Dead ends are implicit — no explicit marking is required. A step is a dead end
if it's not an ancestor of path.head:
active_steps = ancestors(path.head) // walk parents backwards
dead_ends = all_steps - active_steps
Steps don't know their fate. It's determined by the graph structure relative to the current head. This keeps the format simple: you never need to update a step's metadata when the path evolves.
Steps have a parents array that supports merges:
| Parents | Meaning |
|---|---|
[] or omitted |
Root step (no parents) |
["step-001"] |
Single parent (linear history) |
["step-A", "step-B"] |
Merge (derived from parallel work) |
Toolpath models the DAG structure; it doesn't prescribe merge strategies or conflict resolution.
Artifacts are identified by URL. The keys in the change object are URLs,
with bare paths as shorthand for files relative to path.base:
| Key Format | Interpretation |
|---|---|
src/foo.rs |
Relative file path within path.base context |
file:///abs/path |
Absolute file path |
https://... |
Web resource |
s3://... |
S3 object |
<scheme>://... |
Any URL scheme |
A minimal document needs only step + change. The meta object holds
context: intent, refs, actors, signatures. Making it optional means:
- Simple changes require minimal ceremony
- Streaming steps can be lightweight
- You can add provenance incrementally
Toolpath is VCS-agnostic. Any VCS commit can become a step. The path.base
URI scheme indicates which VCS (github:, hg:, fossil:, file:, etc.).
What Toolpath adds beyond any VCS:
- Finer granularity — multiple steps between VCS commits
- Abandoned paths — VCS tools lose deleted branches; Toolpath preserves dead ends
- Multi-perspective changes — raw diff + structural AST ops + semantic intent
- Actor provenance — link actors to external identities
- Multi-party signatures — author, reviewer, CI attestation on same artifact
- Tool-agnostic history — changes from AI agents, formatters, linters that may not create VCS commits
These questions are not yet resolved. They need more thought before the format stabilizes.
Options under consideration:
- Content-addressed — hash of (parent, actor, change, timestamp). Good for deduplication and verification, but you can't know the ID until you've finalized the content.
- UUID — random, simple, but opaque.
- Hierarchical —
session-abc/turn-5/step-2. Readable but couples to session structure. - Sequential —
step-001,step-002within some scope.
The current examples use sequential IDs for readability.
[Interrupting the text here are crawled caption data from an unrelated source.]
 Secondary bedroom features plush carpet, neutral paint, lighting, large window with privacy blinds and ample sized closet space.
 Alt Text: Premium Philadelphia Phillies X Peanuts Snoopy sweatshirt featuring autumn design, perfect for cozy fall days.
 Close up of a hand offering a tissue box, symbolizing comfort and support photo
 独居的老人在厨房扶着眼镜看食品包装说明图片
No formal requirement yet.
Options under consideration:
- Central registry — Toolpath org maintains canonical op types
- Namespaced extensions —
rust.add_method,typescript.add_interface - Schema-per-language — each language community maintains their own
- Emergent — let tools emit whatever, see what converges
Current leaning: Namespaced with a core namespace for universal ops
(e.g., core.replace, core.insert).
Options under consideration:
- Flat list — tree structure implicit via
parentrefs (current approach) - Nested tree — explicit hierarchy
- Separate index — steps stored flat, tree index computed/stored separately
The flat list is simpler for append-only logs and streaming. Querying "all descendants of step X" requires scanning, but the step counts in practice are small enough that this hasn't been a problem.
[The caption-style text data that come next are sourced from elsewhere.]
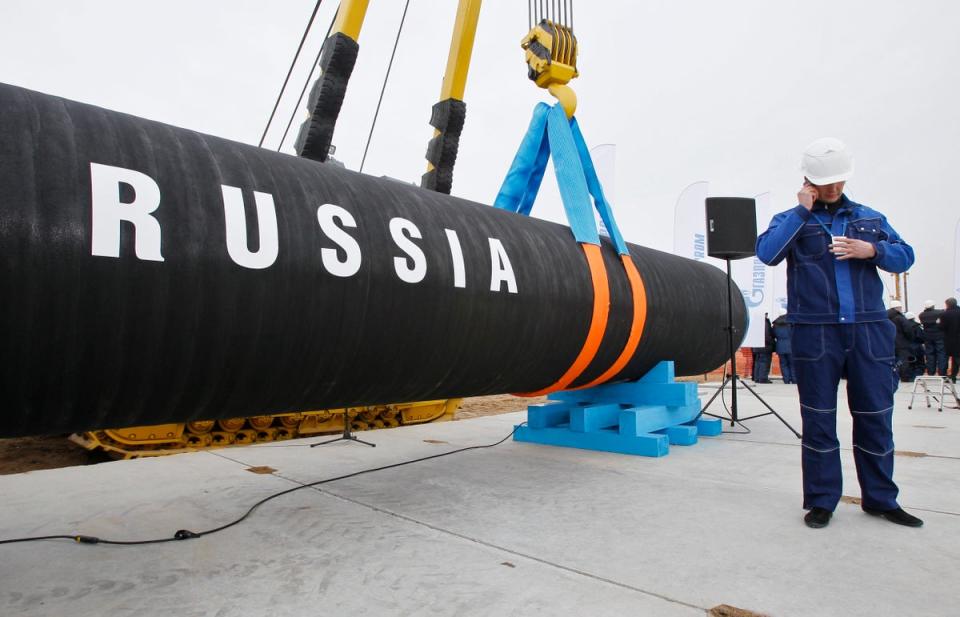 Russian construction worker speaks on a mobile phone during a ceremony marking the start of Nord Stream pipeline in 2010 (AP)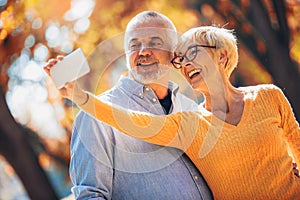 Active seniors taking selfies of them having fun photo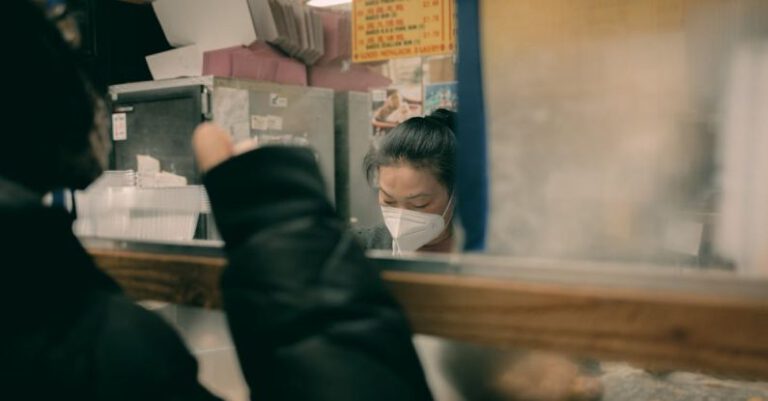 Customer Perception - A woman wearing a face mask in a restaurant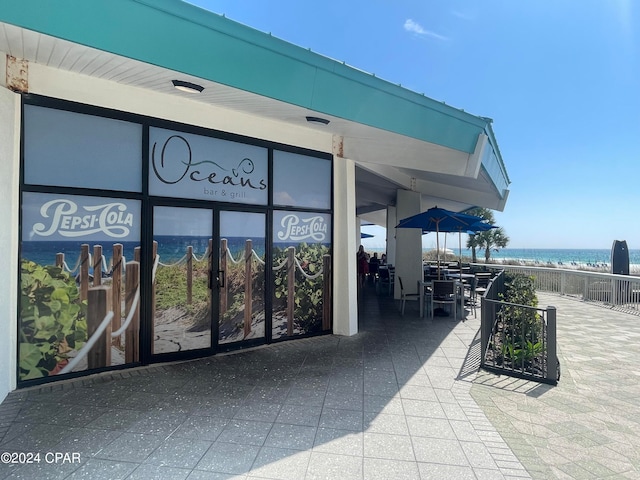 view of patio with a water view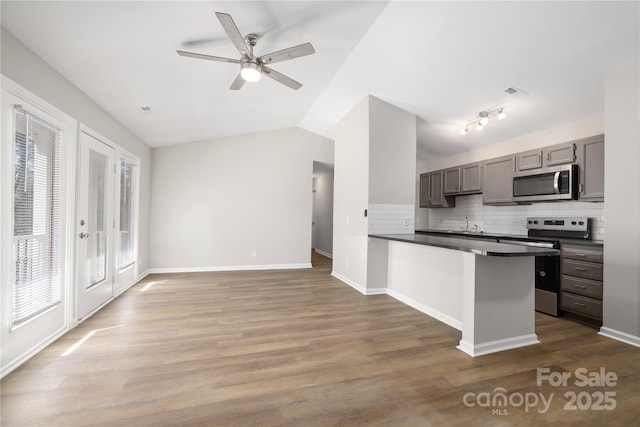 kitchen with gray cabinetry, dark countertops, wood finished floors, stainless steel appliances, and lofted ceiling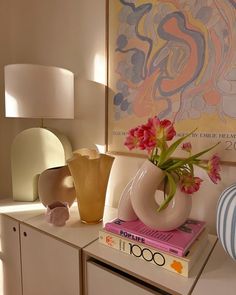 a vase with flowers sitting on top of a table next to a book and lamp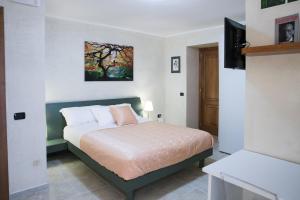 a bedroom with a bed and a painting on the wall at Vittoria Guest House Salerno in Salerno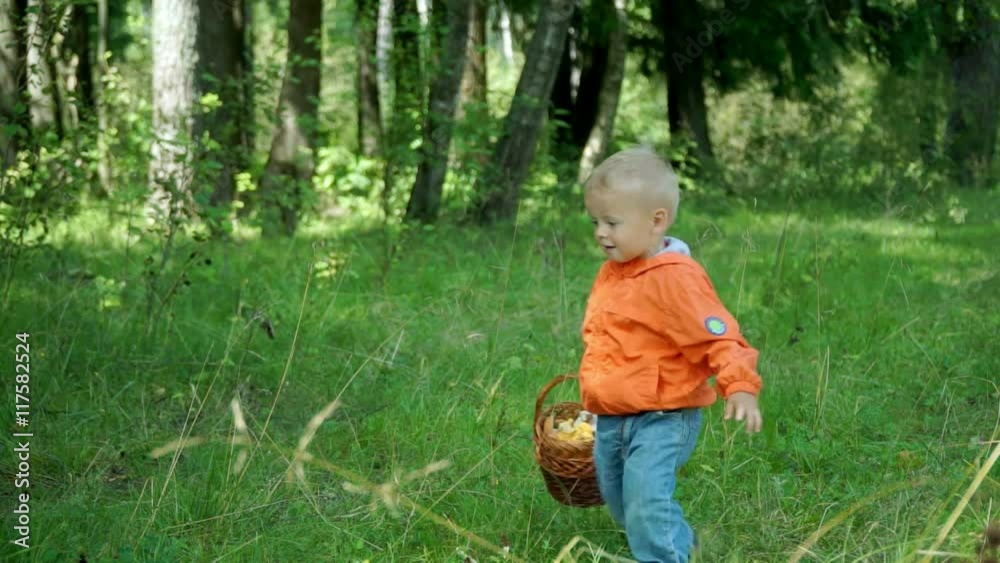 Funny little boy of 1.5 years bears in the mushrooms in the basket Funny little boy of 1.5 years bears in the mushrooms in the basket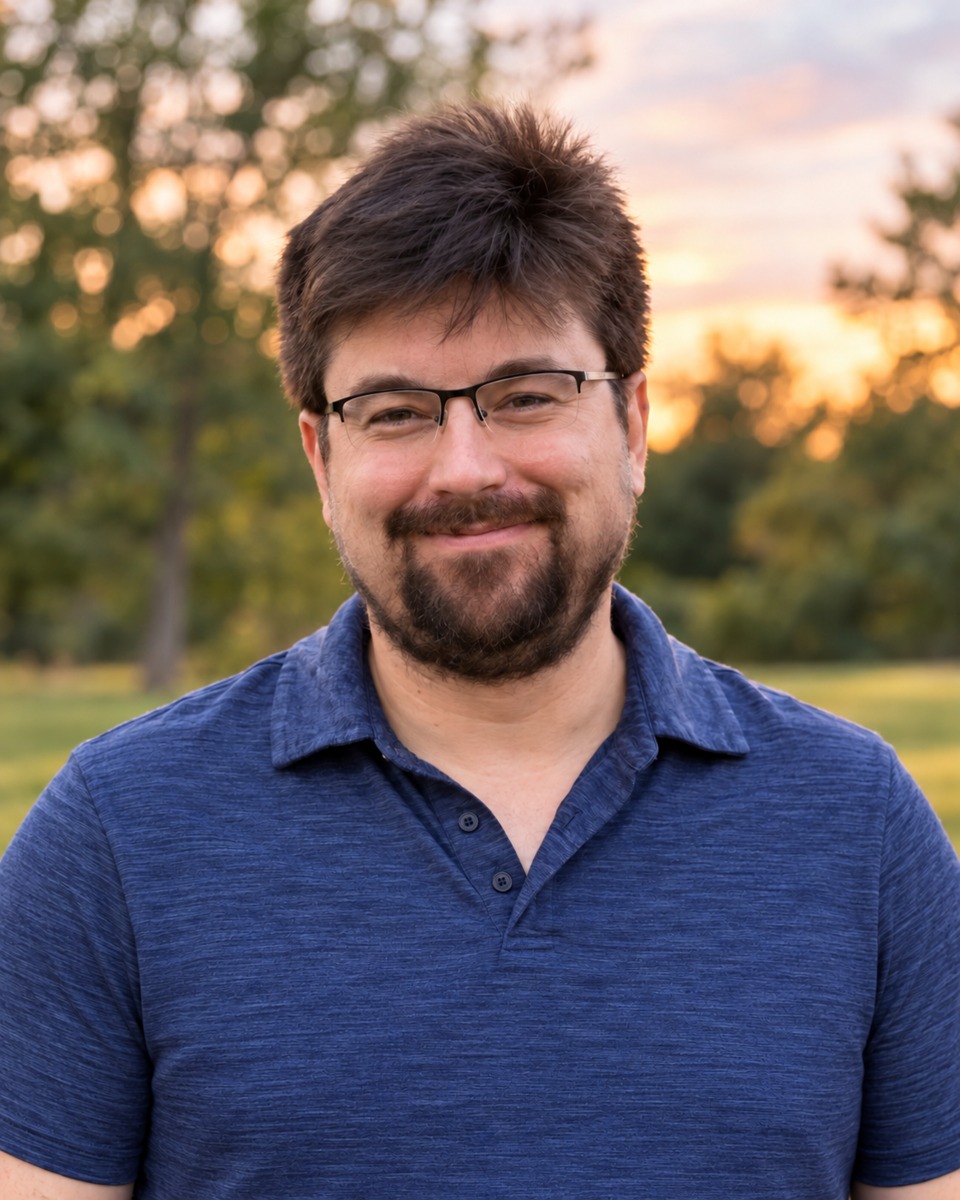 Portrait of Jonathan smiling in a blue polo against a softly blurred outdoor background.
Scenarios: Agent reasoning might contain proprietary information. Human identity might need anonymization. Refs might point to internal docs.
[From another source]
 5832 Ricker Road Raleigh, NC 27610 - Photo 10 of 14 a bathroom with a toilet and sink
Options under consideration:
- Reference, don't embed —
meta.refsstores URIs, not content - Redaction markers —
{"redacted": true, "reason": "..."} - Access tiers — different views for different audiences
- Encryption — sensitive fields encrypted, keys managed separately
Current leaning: Reference by default, with optional redaction markers.
Options under consideration:
- Semver —
1.2.3with compatibility rules - Date-based —
2026-01 - Extension-based — core is frozen, everything else is extensions
Current leaning: Semver for core schema, with "old readers ignore unknown fields" policy.